4) I am grateful that I have an agent when so many are still stuck in the querying trenches. I have a story that hasn’t sold yet but my agent still believes in me and wants to give it another go with this rewrite. My laptop still works, I can afford internet, I haven’t pissed anyone off online, I won NaNoWriMo. I’m going to finish edits in December and go back out on submissions, and God willing I’ll land a book deal and then I’ll be a published author and just pray on my knees every day how thankful I am that my dream came true.
5) Most of all, I am grateful for Christopher. My parents fell in love at first sight, my grandparents did it, and I did it. When he left this year I collapsed. I made very bad decisions. I felt cut off from myself. I knew I would always miss him, not because we’re cosmic twins or soul mates or any nonsense like that, but because we were partners and we’d grown together like trees and when he left the part where we’d grown into each other got ripped apart.

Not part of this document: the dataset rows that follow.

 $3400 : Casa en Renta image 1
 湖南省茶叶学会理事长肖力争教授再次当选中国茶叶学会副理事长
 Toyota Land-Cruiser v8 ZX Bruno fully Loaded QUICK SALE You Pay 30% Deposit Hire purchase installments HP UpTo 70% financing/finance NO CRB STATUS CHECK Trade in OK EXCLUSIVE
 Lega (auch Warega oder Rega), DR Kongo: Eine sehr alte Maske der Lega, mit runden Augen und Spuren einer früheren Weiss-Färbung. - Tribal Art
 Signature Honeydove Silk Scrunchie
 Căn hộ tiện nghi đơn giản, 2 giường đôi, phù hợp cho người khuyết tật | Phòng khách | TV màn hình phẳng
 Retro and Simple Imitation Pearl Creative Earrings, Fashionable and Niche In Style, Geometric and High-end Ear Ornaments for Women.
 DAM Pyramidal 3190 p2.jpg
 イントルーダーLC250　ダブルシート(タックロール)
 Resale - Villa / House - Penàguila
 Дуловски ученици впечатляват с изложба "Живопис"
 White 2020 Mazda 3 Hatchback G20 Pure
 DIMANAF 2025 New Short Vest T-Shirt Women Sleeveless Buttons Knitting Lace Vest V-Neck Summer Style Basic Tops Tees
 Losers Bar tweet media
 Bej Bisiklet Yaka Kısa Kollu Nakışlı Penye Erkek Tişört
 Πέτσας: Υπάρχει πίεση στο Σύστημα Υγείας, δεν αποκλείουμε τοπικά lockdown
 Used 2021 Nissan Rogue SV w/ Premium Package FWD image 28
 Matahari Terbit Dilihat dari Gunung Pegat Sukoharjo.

And even when we weren’t speaking and I was so mad and hurt I wished I’d never met him, he was still the only person I’d want to be with if I knew the world were ending.
I had to be more brave and more independent than I’ve ever had to be. I had to confront my own issues and figure out what I could be doing better. And despite a road so fraught with bumps some of them were mountains, Chris and I managed to get back together.
I tell him I love him every morning, we take a nap together every lunch, he’s the last person I talk to before I go to bed, and every. single. day. I am grateful that I was lucky enough to find my partner, and that somehow we were both strong enough to make it work. It’s hard to talk about how much he means to me because of how badly we both acted, but I’m not going to be ashamed of that time in my life anymore.
I feel so profoundly about Chris that I don’t have words for it, and I will not apologize. It’s not puppy love, it’s not desperation, and it’s not a syndrome. He’s my Person. And I’m so grateful I could never say it enough.
I hope that you have things in your life that make you so grateful you can’t speak, or you want to cry. I wish you a wonderful Thanksgiving with your friends and family, and I honestly hope that every happiness will be yours, no matter who you are or what you’ve done. Life is short and we mess up far too frequently to wish anything else.